Two different abstractions, often confused
Jaws Deploy gives you two ways to share deployment logic. They look related, but they solve different problems and you will use both.
// Step templates
A reusable step with a UI
Encapsulate a deployment action - extract a package, configure a service, restart IIS - with structured inputs and validation. Used by selecting it in a project's deployment process.
// Script modules
Shared PowerShell functions
Pure code reuse. A library of functions that any deployment script can import-module and call. No UI, no inputs - just functions you don't want to redefine.
Step templates: structured, reusable, validated
A step template is a parameterized step you can drop into any project's deployment process. It has:
Beyond "a script in a file"
- Typed inputs - strings, multi-line text, secrets, references to packages, choices from a dropdown.
- Per-input validation - required vs. optional, default values, help text, even sensitive-data marking.
- Versioning - bump the template version when you change behavior; projects opt in to the new version.
- Permissions - team members can use the template without seeing or editing its body.
- Discoverability - templates show up in the step picker with their description. New team members find them.
What you author once, what every project gets
The template defines inputs and a body.

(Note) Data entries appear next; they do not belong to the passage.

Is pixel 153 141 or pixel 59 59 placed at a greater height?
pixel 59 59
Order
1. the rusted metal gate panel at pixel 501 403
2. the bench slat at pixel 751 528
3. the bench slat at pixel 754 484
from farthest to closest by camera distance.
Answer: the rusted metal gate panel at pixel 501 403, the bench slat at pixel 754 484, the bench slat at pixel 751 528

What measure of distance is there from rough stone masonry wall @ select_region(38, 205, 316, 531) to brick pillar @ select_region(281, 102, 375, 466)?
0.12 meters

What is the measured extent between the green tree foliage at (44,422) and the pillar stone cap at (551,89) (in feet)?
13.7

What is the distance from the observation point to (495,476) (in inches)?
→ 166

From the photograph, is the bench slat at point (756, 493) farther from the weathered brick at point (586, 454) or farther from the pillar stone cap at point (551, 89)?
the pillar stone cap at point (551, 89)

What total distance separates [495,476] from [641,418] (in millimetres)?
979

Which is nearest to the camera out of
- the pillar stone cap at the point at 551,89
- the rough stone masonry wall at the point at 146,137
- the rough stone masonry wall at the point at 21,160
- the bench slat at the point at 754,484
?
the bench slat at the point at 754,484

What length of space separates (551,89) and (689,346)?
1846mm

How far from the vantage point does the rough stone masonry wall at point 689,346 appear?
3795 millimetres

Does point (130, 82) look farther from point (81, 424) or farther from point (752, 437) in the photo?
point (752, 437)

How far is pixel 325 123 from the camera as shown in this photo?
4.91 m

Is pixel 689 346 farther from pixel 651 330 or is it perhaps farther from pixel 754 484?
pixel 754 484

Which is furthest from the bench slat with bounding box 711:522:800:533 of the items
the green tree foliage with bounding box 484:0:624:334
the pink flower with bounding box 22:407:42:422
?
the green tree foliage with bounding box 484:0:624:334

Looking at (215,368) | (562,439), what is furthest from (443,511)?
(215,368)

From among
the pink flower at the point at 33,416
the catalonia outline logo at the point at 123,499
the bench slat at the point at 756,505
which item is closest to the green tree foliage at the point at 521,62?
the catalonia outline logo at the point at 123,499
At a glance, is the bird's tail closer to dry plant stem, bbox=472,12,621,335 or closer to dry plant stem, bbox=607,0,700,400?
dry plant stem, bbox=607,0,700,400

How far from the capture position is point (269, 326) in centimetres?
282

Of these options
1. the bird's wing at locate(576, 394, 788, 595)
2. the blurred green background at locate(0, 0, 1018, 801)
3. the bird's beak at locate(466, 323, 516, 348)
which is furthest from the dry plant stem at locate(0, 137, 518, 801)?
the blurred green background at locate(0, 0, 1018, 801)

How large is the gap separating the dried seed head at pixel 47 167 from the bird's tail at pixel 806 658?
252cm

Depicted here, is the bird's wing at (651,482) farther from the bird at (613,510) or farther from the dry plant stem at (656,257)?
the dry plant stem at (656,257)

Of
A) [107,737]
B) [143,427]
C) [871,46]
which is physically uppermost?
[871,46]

Projects pick the template, fill in the inputs, and get a validated step.
# Template: Deploy-WindowsService
#
# Inputs:
# ServiceName (string, required)
# PackageName (package reference, required)
# StopTimeoutSec (number, default 30)
# RunAsUser (string, optional, sensitive: true)
#
# Body (PowerShell):
param($ServiceName, $PackagePath, $StopTimeoutSec, $RunAsUser)
Stop-Service $ServiceName -Force -Timeout $StopTimeoutSec
Expand-Archive -Path $PackagePath -DestinationPath "C:\Services\$ServiceName" -Force
if ($RunAsUser) {
sc.exe config $ServiceName obj= $RunAsUser
}
Start-Service $ServiceName
Script modules: shared PowerShell functions
A script module is a regular PowerShell module the platform manages. You write functions, you publish the module, and any deployment step in any project can Import-Module it and call the functions.
The rule of thumb: if you have written the same five-line helper in three scripts, it belongs in a module.
Things that live well in a script module
Invoke-Migration, Wait-DatabaseReady, Backup-BeforeChange - the small functions every team rewrites.
Versioning, ownership, and the politics of shared code
The usual trap with shared deployment code is the same as with any internal library: one team owns it, another team needs a feature, the owners are busy, the consumers fork it. A few practical decisions help.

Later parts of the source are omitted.